Hint: The highest instantaneous value of a function is estimated from the zero-volt level. The peak value of amplitude and peak value are equal since the average value of the function is zero volts. The term "RMS" is "Root-Mean-Squared," also named for the practical value of alternating current, similar to a DC voltage that would give the same amount of heat production in a resistor as the AC voltage would if implemented to that equivalent resistor.

Complete step by step solution:
Given: The instantaneous value of an alternating voltage:
$E_{t} = 140\ sin 300t$
We will compare this equation with the general equation:
$E_{t} = E_{o}\ sin 300t$
Where, $ E_{o} $ is the peak value of voltage.
$ E_{t} $ is the value of voltage at any time t.

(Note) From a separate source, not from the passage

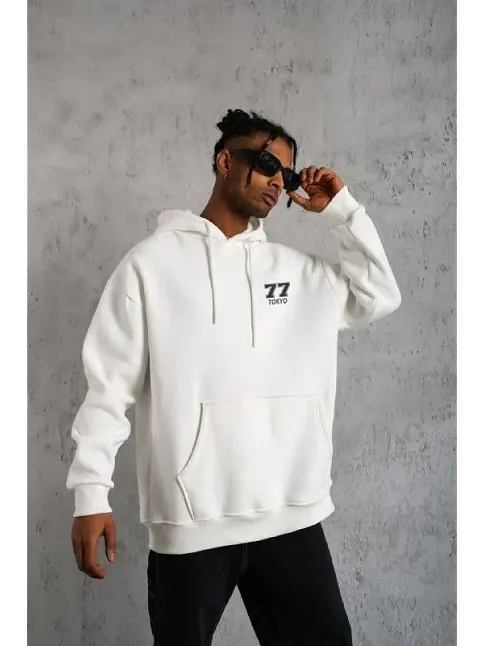 Erkek 3 İplik Pamuklu Kapüşonlu Baskılı Cepli Oversize Sweatshirt Hoodie - Beyaz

w is the angular frequency.
After comparing, we get,
$ E_{o} = 140 V$
$w = 300$
a) Peak value of voltage, $ E_{o} = 140 V$
b) Rms value of voltage,
$E_{rms} = \dfrac{E_{o}}{\sqrt{2}}$
Put the value of $ E_{o} = 140 V$.
$E_{rms} = \dfrac{140}{\sqrt{2}} = \dfrac{140}{1.4}$
$E_{rms} = 100V$
c) Angular frequency, $w = 300$
Now, we will find frequency by the formula:
$f = \dfrac{w}{2 \pi}$
Put $w = 300$
$f = \dfrac{300}{2 \times 3 }$
We get,
$f = 50 Hz$

Note: RMS is not the "Average" voltage, and its numerical relationship to peak voltage varies on the type of waveform. The RMS value is squared of the root of the mean value of the squared function of the instant values. Rms value is the amount of AC power that provides the same heating effect as an equal DC power.